** RECORDS SUPPLIED follows **

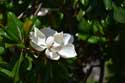 Tree Dubrovnik in Dubrovnic / CROATIA: 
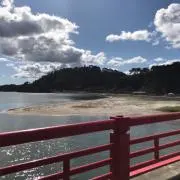 ✳︎断捨離中✳︎  はるちゃんの画像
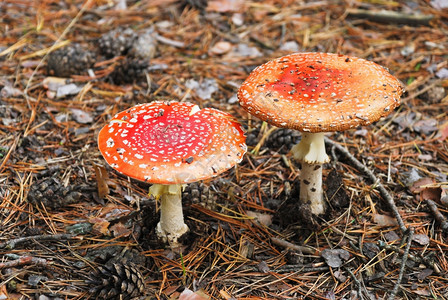 两只苍蝇在秋天的迷幻森林里喷洒着毒蘑菇图片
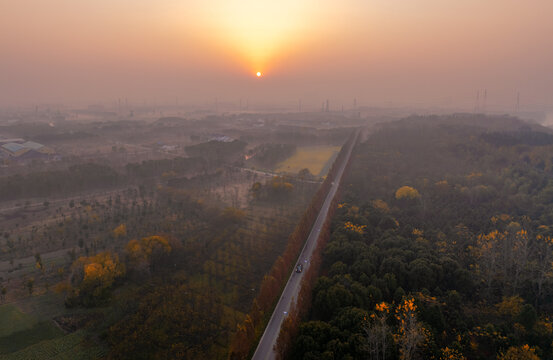 自在大道秋天晨景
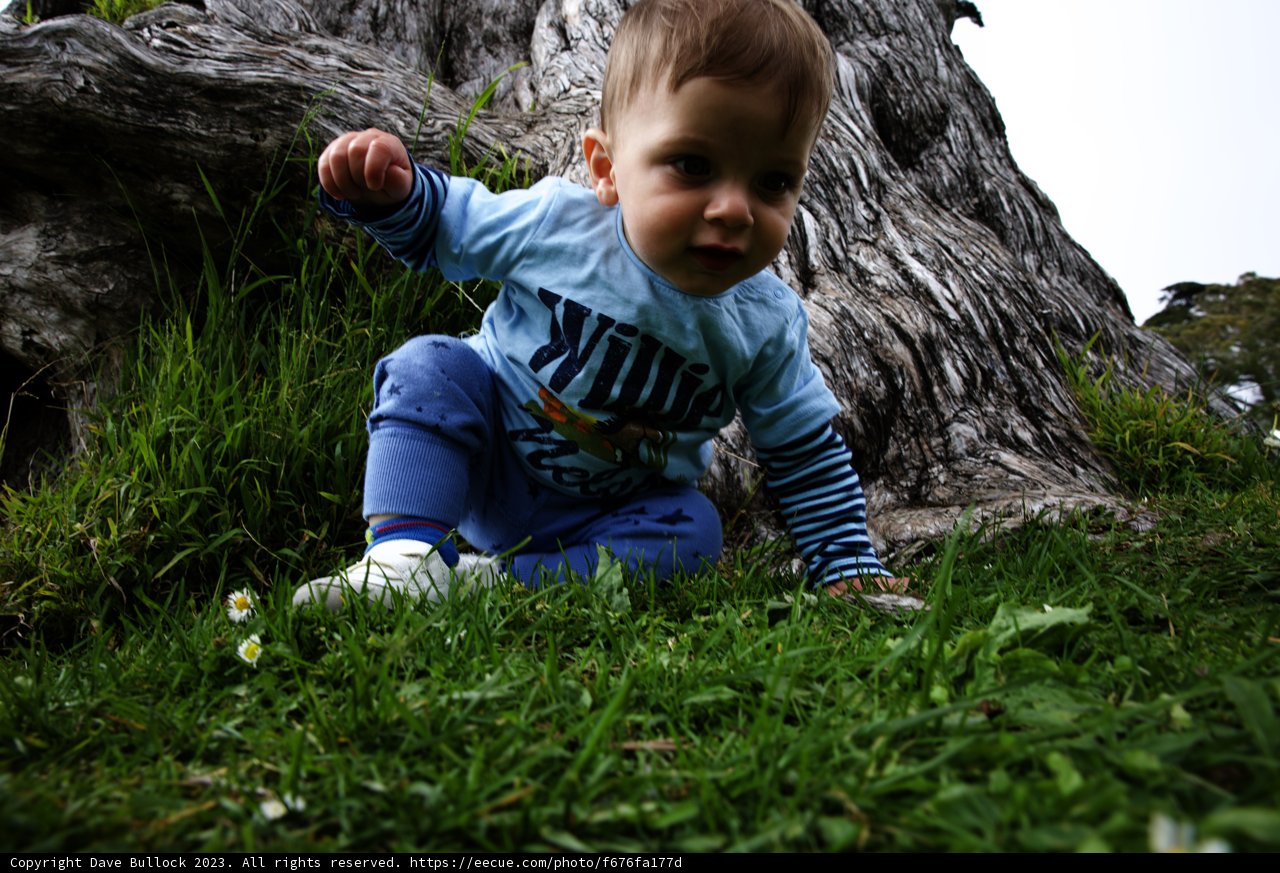 Little Explorer in the Botanical Garden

** End of RECORDS SUPPLIED **

▶ _HOW TO COMPLETE THIS TASK_
Your response must reproduce every line of the data exactly, with images omitted.

▶ _RESULT FOR THIS EXERCISE_
 Tree Dubrovnik in Dubrovnic / CROATIA: 
 ✳︎断捨離中✳︎  はるちゃんの画像
 两只苍蝇在秋天的迷幻森林里喷洒着毒蘑菇图片
 自在大道秋天晨景
 Little Explorer in the Botanical Garden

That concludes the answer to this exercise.